#### [Task brief]
Should an entry contain an image, omit it and repeat the rest exactly.

#### [Supplied records]
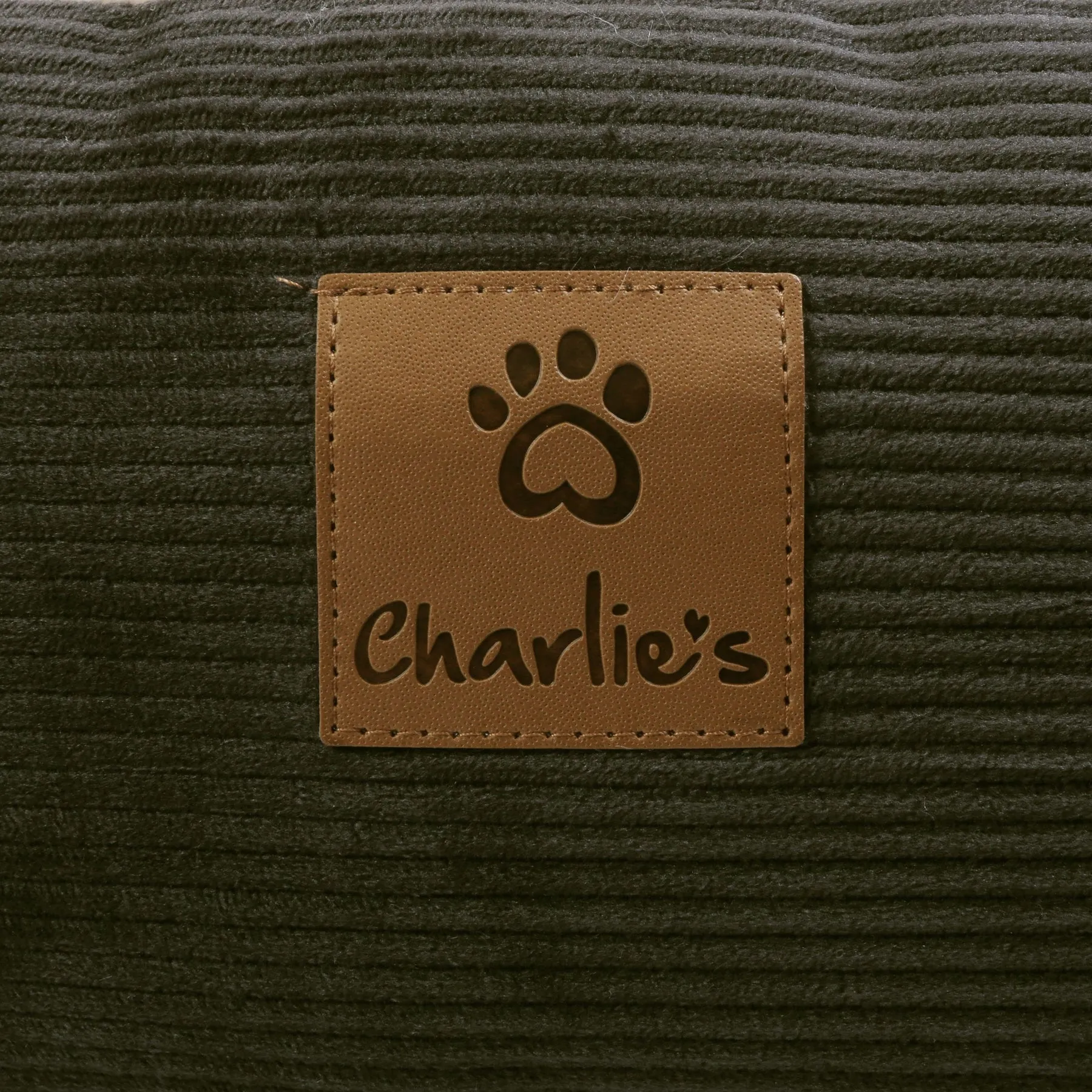 Charlie's Snookie Hooded Corduroy Calming Dog Bed Olive Medium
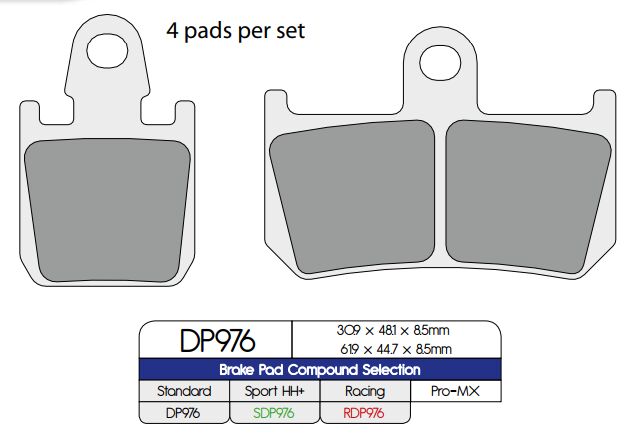 DP Brakes Frein Plaquette Sinter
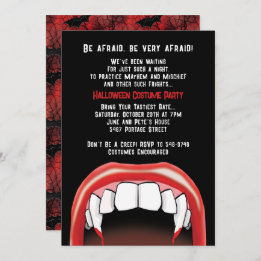 Vampire Teeth Halloween Red Blood Costume Party Invitation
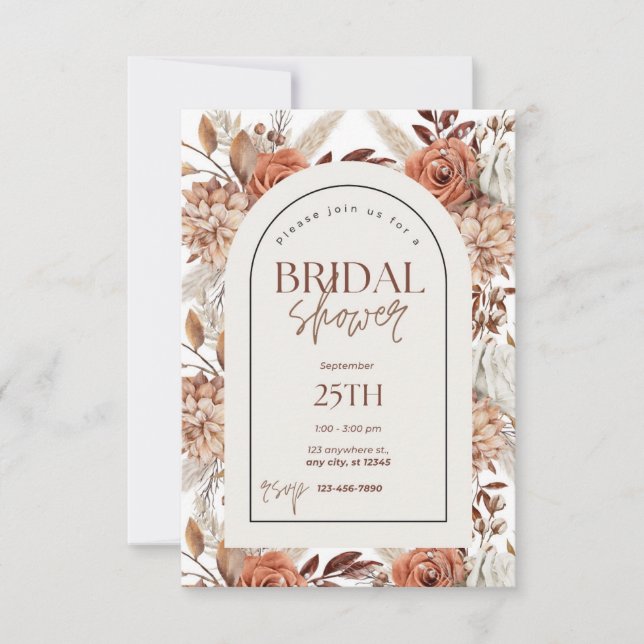 Convite de Chuveiro de Noiva Boho Floral Aquarela (Frente)
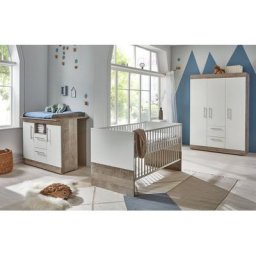 arthur berndt Babyzimmer-Komplettset Selina, (Set, 3-St., Kinderbett, Wickelkommode, Schrank), Made in Germany, bestehend aus Kinderbett, Wickelkommode und Schrank
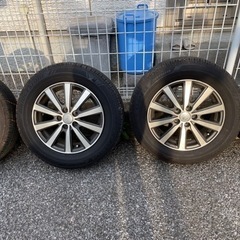 pcd100 5穴　アルミ15インチタイヤホイールセット　溝9割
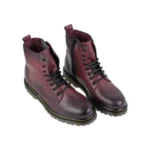 Botas Militares en Piel Con Cremallera Granate - Brans 124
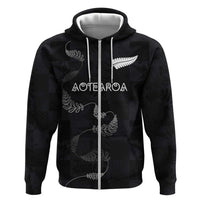 Custom New Zealand Rugby Zip Hoodie All Silver Ferns Blacks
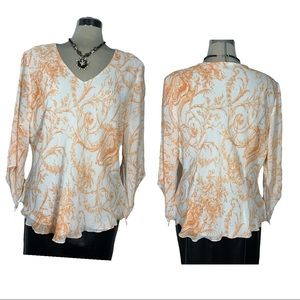 Gorgeous Elegant Orange and White 3/4 bell Sleeves Size XL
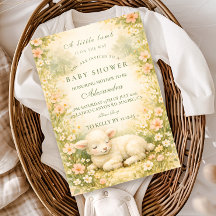 Little Lamb Wildflower Frame Baby Shower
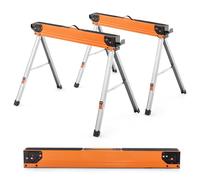 COSTWAY Lot de 2 Tréteaux de Sciage Pliables Métalliques Charge 500 kg, Tréteaux Portable avec 2x4 Bras de Support Piquets Rabattables Pieds à Ouverture Rapide, 106 x 76 x 59 cm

#### [Answer section]
 Charlie's Snookie Hooded Corduroy Calming Dog Bed Olive Medium
 DP Brakes Frein Plaquette Sinter
 Vampire Teeth Halloween Red Blood Costume Party Invitation
 Convite de Chuveiro de Noiva Boho Floral Aquarela (Frente)
 arthur berndt Babyzimmer-Komplettset Selina, (Set, 3-St., Kinderbett, Wickelkommode, Schrank), Made in Germany, bestehend aus Kinderbett, Wickelkommode und Schrank
 pcd100 5穴　アルミ15インチタイヤホイールセット　溝9割
 Botas Militares en Piel Con Cremallera Granate - Brans 124
 Custom New Zealand Rugby Zip Hoodie All Silver Ferns Blacks
 Gorgeous Elegant Orange and White 3/4 bell Sleeves Size XL
 Little Lamb Wildflower Frame Baby Shower
 COSTWAY Lot de 2 Tréteaux de Sciage Pliables Métalliques Charge 500 kg, Tréteaux Portable avec 2x4 Bras de Support Piquets Rabattables Pieds à Ouverture Rapide, 106 x 76 x 59 cm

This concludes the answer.